Negligent Investment Advice Victim Wins Bank Pay-out

Posted: 12th September 2012

An investor who lost a substantial sum when Lehman Brothers collapsed has been awarded compensation after being negligently advised by a bank employee that an investment in the financial markets was as safe as a cash deposit.

Adrian Rubenstein invested £1.25 million from the sale of his home in AIG's Enhanced Variable Rate Fund (EVRF) after an HSBC financial adviser told him that the only risk he was taking was that of the giant insurer defaulting and that that was ‘no risk at all’.

What the adviser didn't tell Mr Rubenstein was that his investment would be subject to market fluctuations and, when Lehman Brothers folded in September 2008, he made a capital loss of about £180,000.

Mr Rubenstein, who had told the adviser that he wanted an investment with zero risk to the capital sum, was informed that his investment was viewed by HSBC ‘as the same as cash deposited in one of our accounts’. He was also given ‘wrong and misleading’ advice that the standard ‘fall as well as rise’ warning on paperwork related to the risk of default, not the risk of market movement.

He has now triumphed in his fight for recompense from HSBC. The Court of Appeal allowed his appeal against an earlier ruling that his losses were the unforeseeable result of unprecedented market turmoil and too remote from the negligent advice he had received to justify a substantial award of compensation.

Lord Justice Rix said: ‘What connected the erroneous advice and the loss was the combination of putting Mr Rubenstein into a fund which was subject to market losses while at the same time misleading him by telling him that his investment was the same as a cash deposit, when it was not’.

The judge, sitting with Lords Justice Lloyd and Moore-Bick ruled that the advice given to Mr Rubenstein breached the Conduct of Business Rules laid down by the Financial Services Authority and was negligent.

Ordering HSBC to pay Mr Rubenstein £112,543 in compensation - along with more than £600,000 in legal costs - the judge said: ‘It was the bank's duty to protect Mr Rubenstein from exposure to market forces when he made clear that he wanted an investment which was without any risk and when the bank told him that his investment was the same as a cash deposit.’

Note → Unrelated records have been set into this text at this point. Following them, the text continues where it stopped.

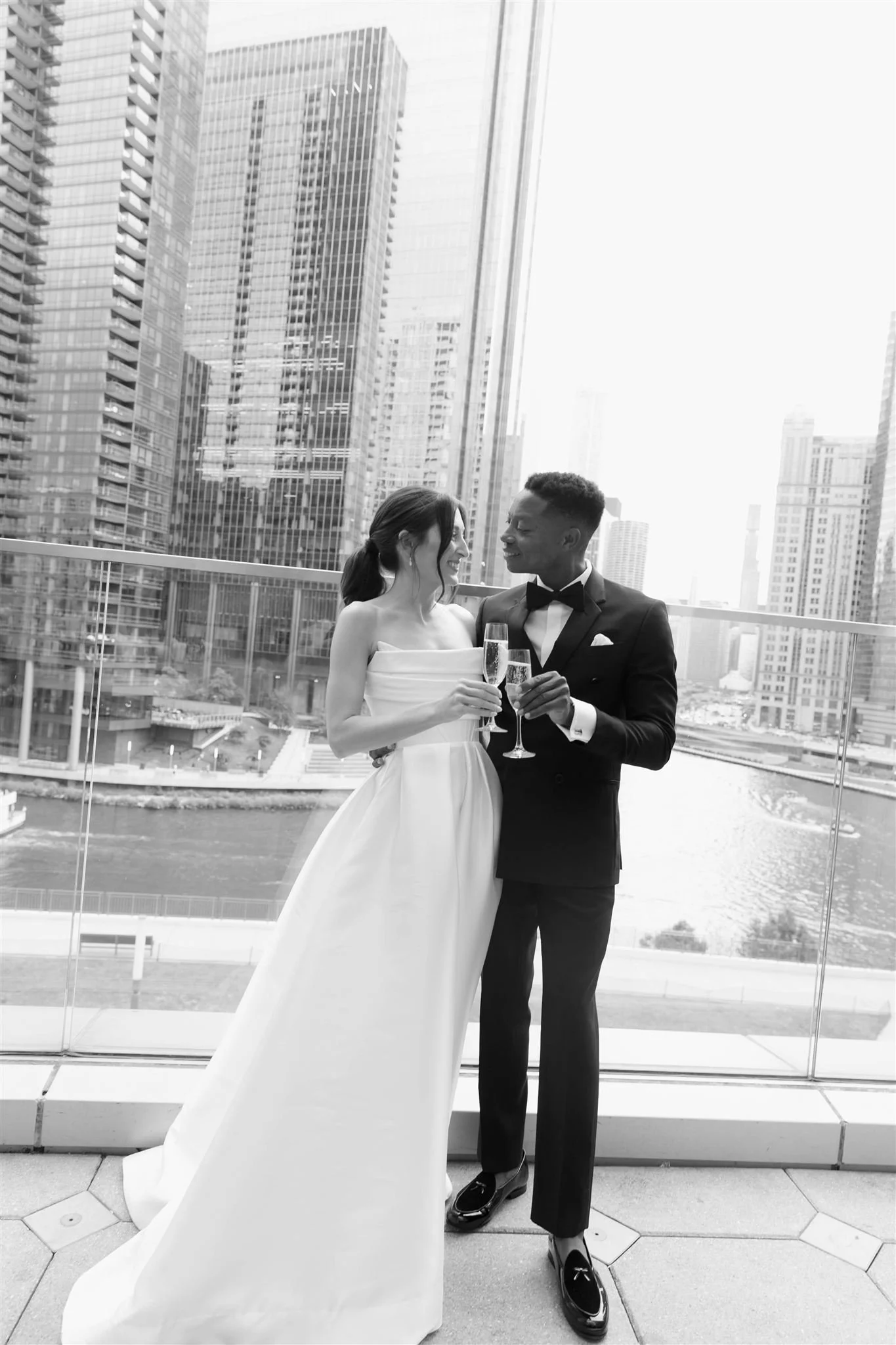 A wedding day at Gibson's Italia on the Chicago River in Downtown Chicago.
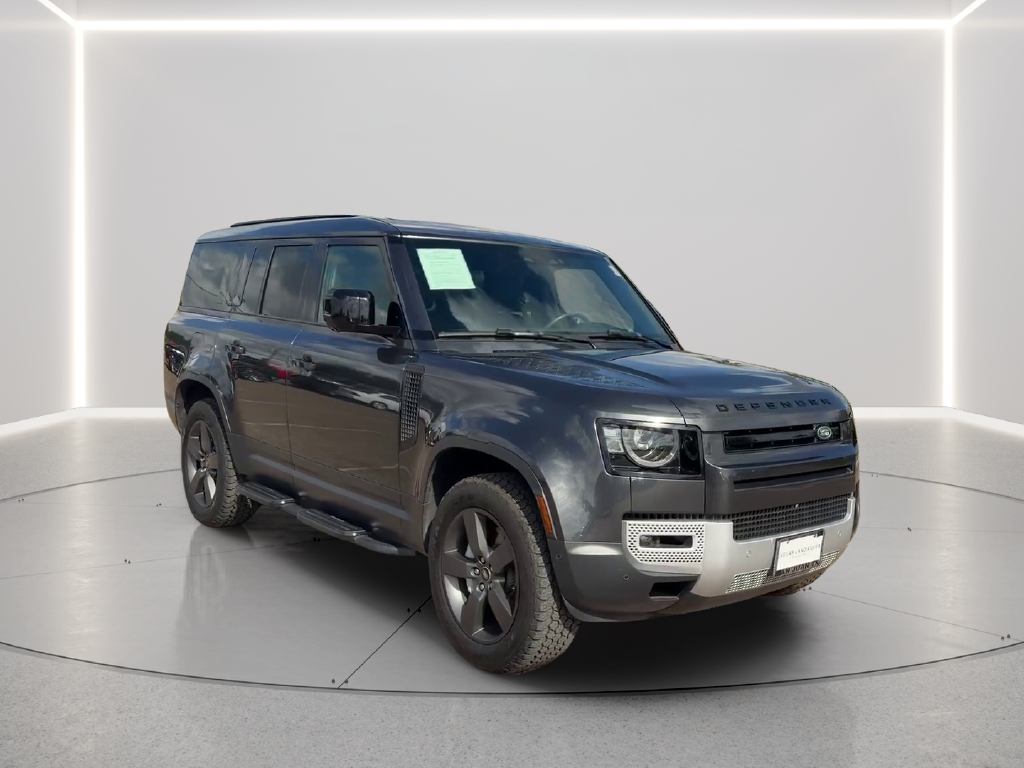 Used 2025 Gray Land Rover S image 3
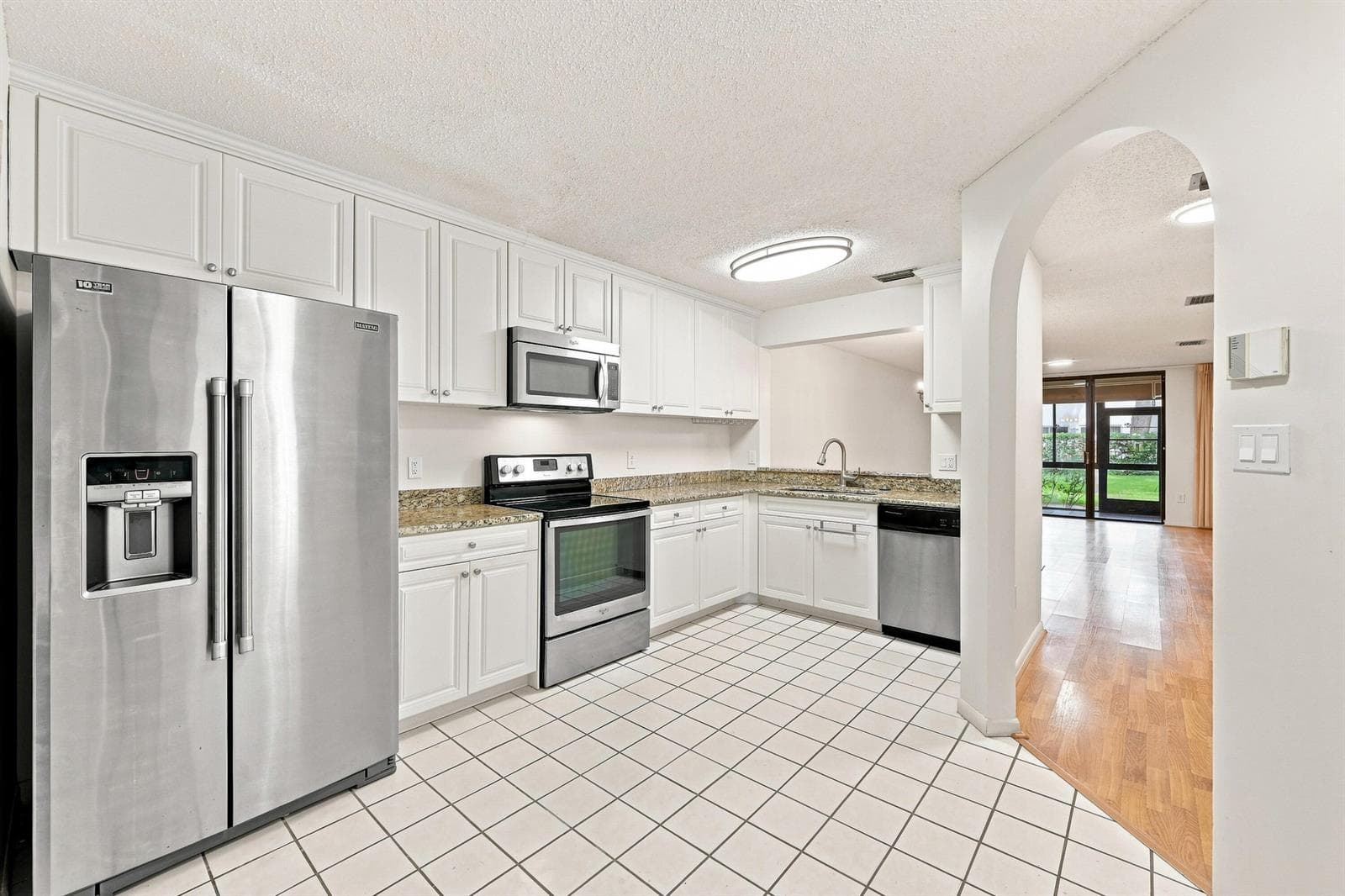 9825 NW 1ST Court, Plantation FL 33324 photo 3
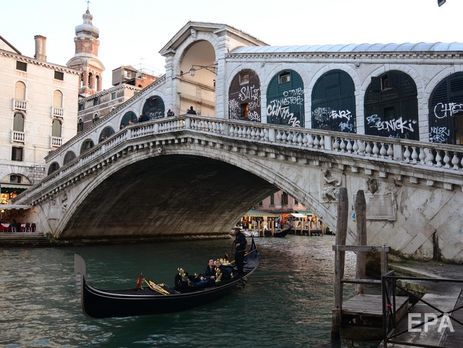 В Венеции установили турникеты, чтобы контролировать потоки туристов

The bank had argued that Mr Rubenstein's losses were due to ‘extraordinary and unprecedented financial turmoil’ and ‘market hysteria’ surrounding the Lehman Brothers collapse. His risk was considered minimal when he made the investment in 2005 and his losses were not reasonably foreseeable, it was submitted.

However, Lord Justice Rix said that the underlying causes of the turmoil went far beyond the demise of Lehman Brothers, stretching to a general loss of confidence in marketable securities. ‘What is new about that?’ he observed.